Samvel Asatryan, the chief of staff of Armenia’s army, said the injury took place on Tuesday as Azerbaijani forces “opened fire near the village of Verin Zhorzha” in Armenia’s eastern province of Gegarkunik.
The Armenian army official said the soldier suffered a “minor” injury and that two Azerbaijani troops were also wounded in the clash.
Baku dismissed Yerevan’s report of the clash and injuries, and suspected an internal incident between Armenian troops.
“Azerbaijani army units did not open fire. There are no injured among Azerbaijani servicemen. It could have been an incident between Armenian soldiers,” the Defense Ministry in Baku said in a statement.

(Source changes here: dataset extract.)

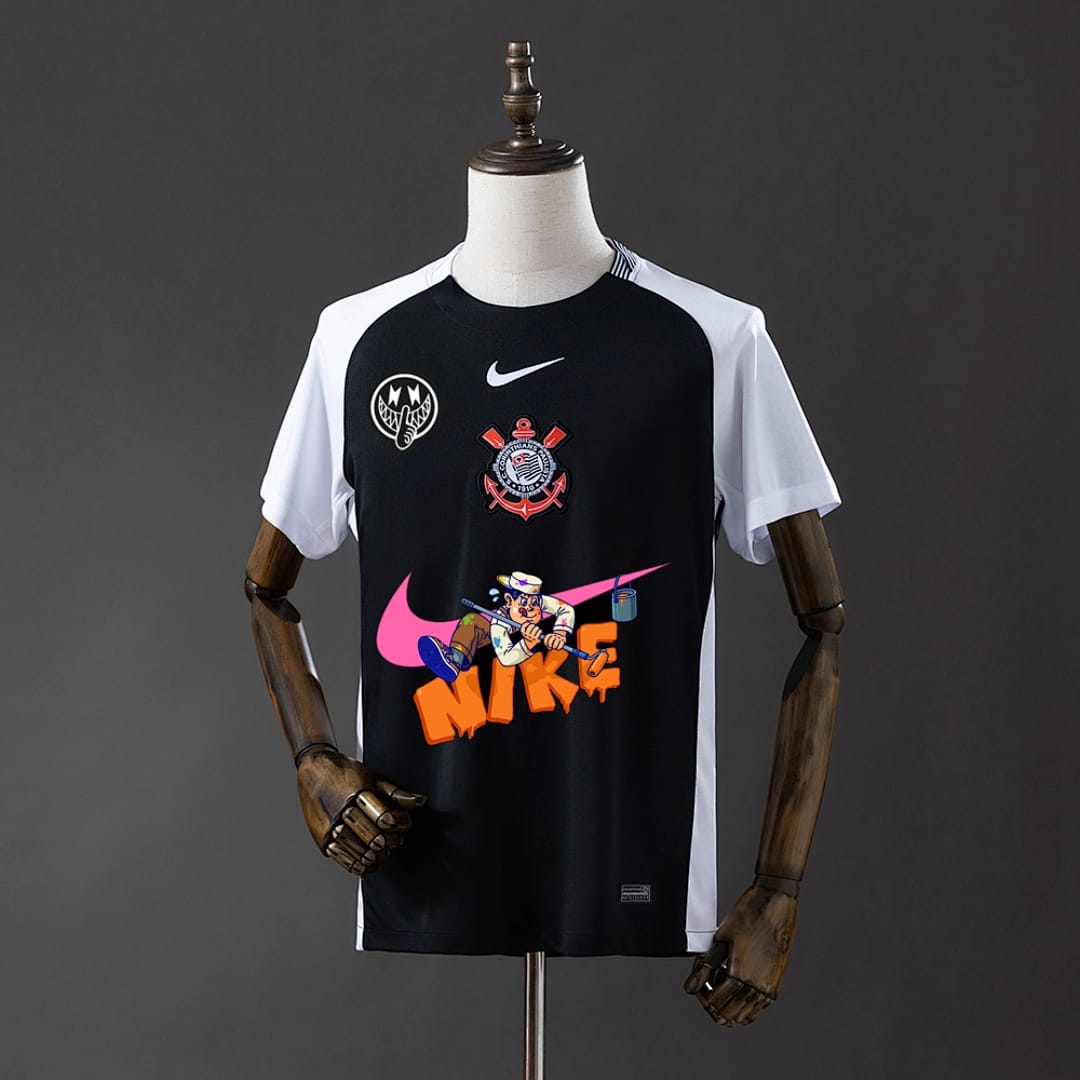 Camisola Alternativa do Corinthians 2025/2026 - Vista 1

The incident is the latest in a series of border clashes that occurred since the two countries ended six weeks of war over the disputed Nagorno-Karabakh region last year.
On September 27, 2019, heavy clashes broke out between the two ex-Soviet republics over Nagorno-Karabakh, which is internationally recognized as part of Azerbaijan but has been populated by ethnic Armenians since 1992 when they broke from Azerbaijan in a war that killed some 30,000 people.
Six weeks of fighting that claimed more than 6,500 lives on both sides was brought to a close with a Russian-brokered ceasefire in November that secured territorial advances for Azerbaijan in Nagorno-Karabakh and seven surrounding districts.
The two sides, however, accuse each other of violating the fragile ceasefire, with tensions still high after last September’s war.
Azerbaijan announced on Saturday that it had handed over 15 Armenian prisoners, detained during last year’s conflict, in exchange for a map detailing the location of 92,000 anti-tank and anti-personnel mines.
Tensions between Baku and Yerevan have been running high since May, when Armenia accused Azerbaijan's military of crossing its southern border to "lay siege" to a lake shared by the two countries.
Upon request from Armenia, Moscow agreed to step forward and help with the delimitation and demarcation of the two neighbors’ borders.